Позиция броневиков, состязавшихся с добровольческой артиллерией, стоявшей в Рубежевке, тянулась как раз от нашего дома до станции: на этом участке обычно перекатывались – взад и вперед – броневики, стреляя через наши головы перекидным огнем. Не раз при стрельбе их орудия брали слишком низкий прицел, и снаряды «резали» сосны у нас в саду: по счастию для нас снаряды часто не рвались. Были моменты, когда схватки перемещались непосредственно на наш участок, и солдаты, то добрармейские, то красной армии стреляли из-за углов нашего дома, из-за колодца во дворе избитого пулями. А к вечеру три дня подряд – под самыми окнами нашими, снова оттягиваясь назад, за полотно, в лес, красноармейцы оттаскивали на шинелях раненых.

На четвертый день прошедшая по утру цепь не вернулась. За соседним парком, на просеке, целый день, до заката, неумолчно стучали пулеметы. В ночи мы узнали: Ворзель окончательно укреплен за советскими.

А на утро пришла из Рубежовки «бабуся», носившая молоко нашим, и рассказала, что добровольцы ушли, наконец из Рубежовки, что перебито их не счесть: на всем поле, что между Рубежовкой и Ворзелем – трупы, трупы. И на просеке ниже: здесь большевики поймали под перекрестный огонь наступавшую колонну противника и скосил ее почти всю. По лесу, по дорожкам ворзельским, по полотну стреляные гильзы валяются целыми кучами. Ну, и дрались же!

До самых сумерек стрельбы не было: пошел к коменданту станции, справиться о Киеве: соседи говорили, что он уже взят.

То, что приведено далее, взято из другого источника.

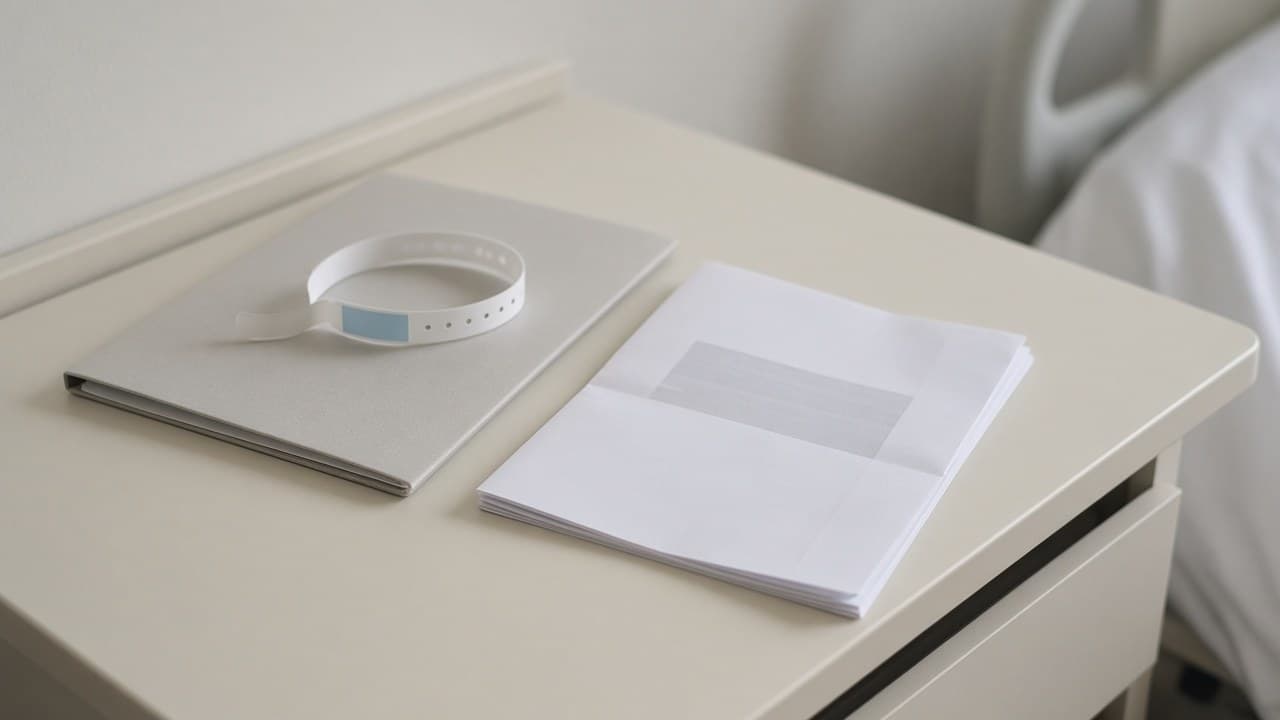 Hospital tote and slim folder resting on a bench, quiet hallway light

У платформы стоял какой-то состав. Часовой, дежуривший у заднего вагона, подозрительно покасился на меня, офицерского покроя тулуп :он хранился на даче, и я поспешил сменить на него свое штатское «подпаленное» пальто). Коменданта не оказалось – я вновь подошел к составу, узнать, не прошел ли комендант в какой-либо вагон. Часовой окликнул меня. Чувствуя себя уже «прежним», «надпольным», восстановленным в моих советских званиях, я, не отвечая ему на вопрос, спросил, что это за поезд.

Часовой потребовал предъявление документов: я в ответ предложил провести меня к комиссару поезда.

Он ввел меня в один из ближайших вагонов, наполненный красноармейцами, и я оказался под арестом.

Выяснилось, что минут 15 до моего прихода на станцию прибегала какая-то девочка, сообщившая, что в Ворзеле только что видали двух офицеров. В связи с этим мой весма офицерский вид возбудил подозрение. На беду комиссара не оказалось: выехал на позиции. До его возвращения выход из вагона был мне запрещен.

Советских документов или чего-либо вообще удостоверяющего мою личность при мне не было…

И в первый раз за эти дни шевельнулась мысль – о возможности крупных осложнений «если меня обыщут раньше времени»: ведь мы на линии боя, только что заняли Ворзель, возбуждение не слегло еще, а при таких условиях – легка быстрая, горячая расправа.

Комиссара пришлось дожидаться часа три: время прошло в беседе с красноармейцами: поезд, в который я попал, оказался базой бронепоездов. Армейцы охотно рассказывали о прошлых боях – и меня поражала та спокойная уверенность в конечной победе, которая сказывалась в каждом слове, в каждом жесте их. После «Деникинской паники» — нахорохоренности «адъютантов» и бредовских стонов, так оживляюще действовала эта бодрая ясность полуголодных и полуодетых «своих».

На станцию пришла жена, догадавшись, что я попал в переделку: она принесла с собой свои советские документы, запрятанные на даче. Поэтому ее, задержав было, отпустили. Но, зачесть документы эти удостоверением моей личности отказались наотрез…

Комиссар наконец приехал. Меня провели, уже под конвоем, в его вагон…

Мстиславського в невдовзі звільнили, він повернувся до Києва. У нього була ще довга дорога життя. Помер в 1943 році під час евакуації в Іркутську. Встановити, де знаходилася дача Мстиславського у Ворзелі поки що не вдалося.